● Your task:
When the line with "smiling happy girl" comes up, set it down and every later line to the end of the data, exactly and without pictures.

● Dataset excerpt:
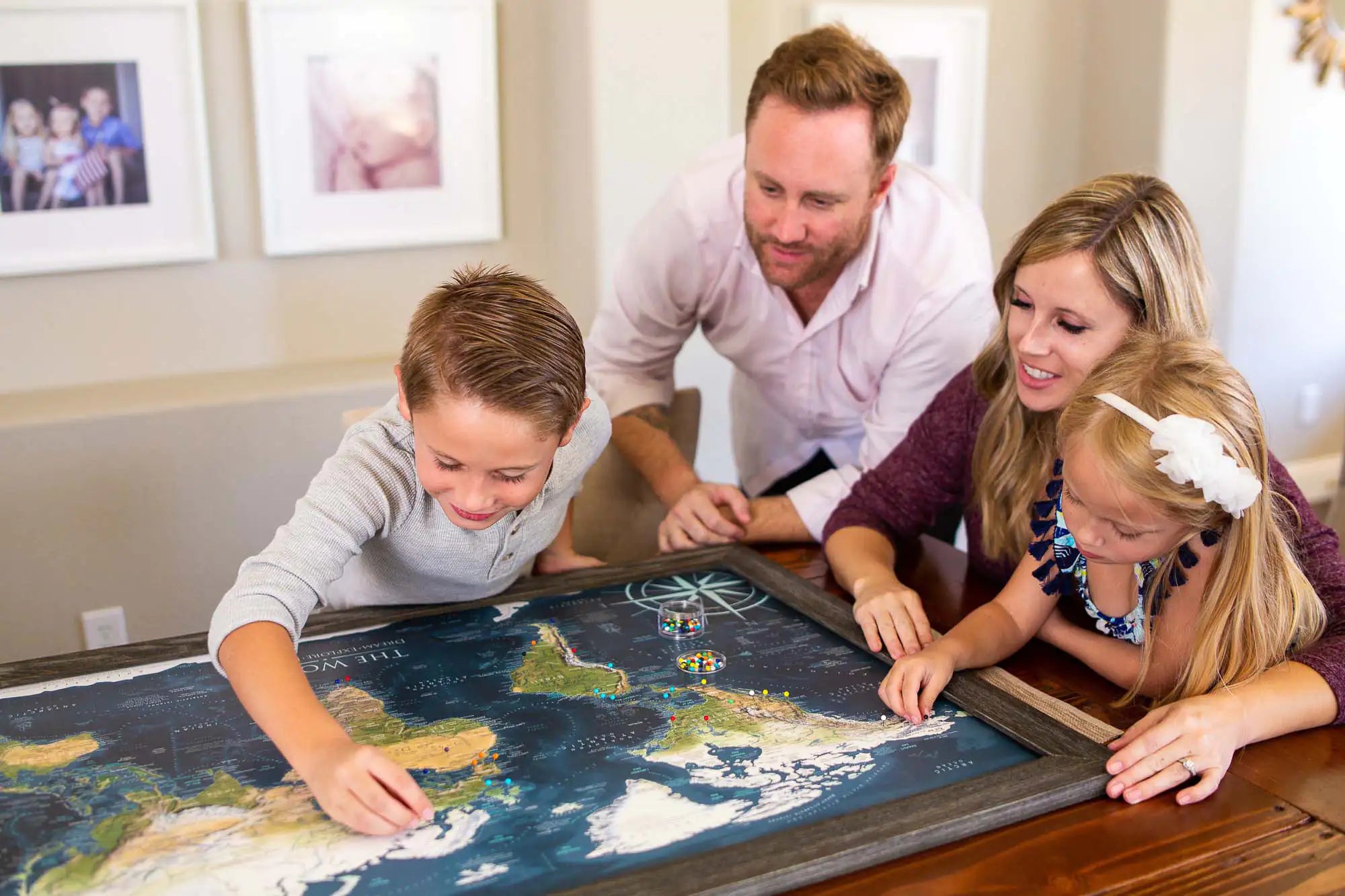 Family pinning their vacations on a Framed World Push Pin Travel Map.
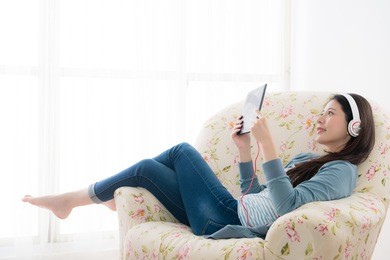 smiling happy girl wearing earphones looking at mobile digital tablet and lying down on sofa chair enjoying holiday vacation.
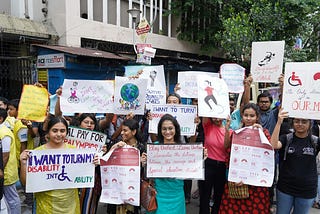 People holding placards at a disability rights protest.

● Written response:
 smiling happy girl wearing earphones looking at mobile digital tablet and lying down on sofa chair enjoying holiday vacation.
 People holding placards at a disability rights protest.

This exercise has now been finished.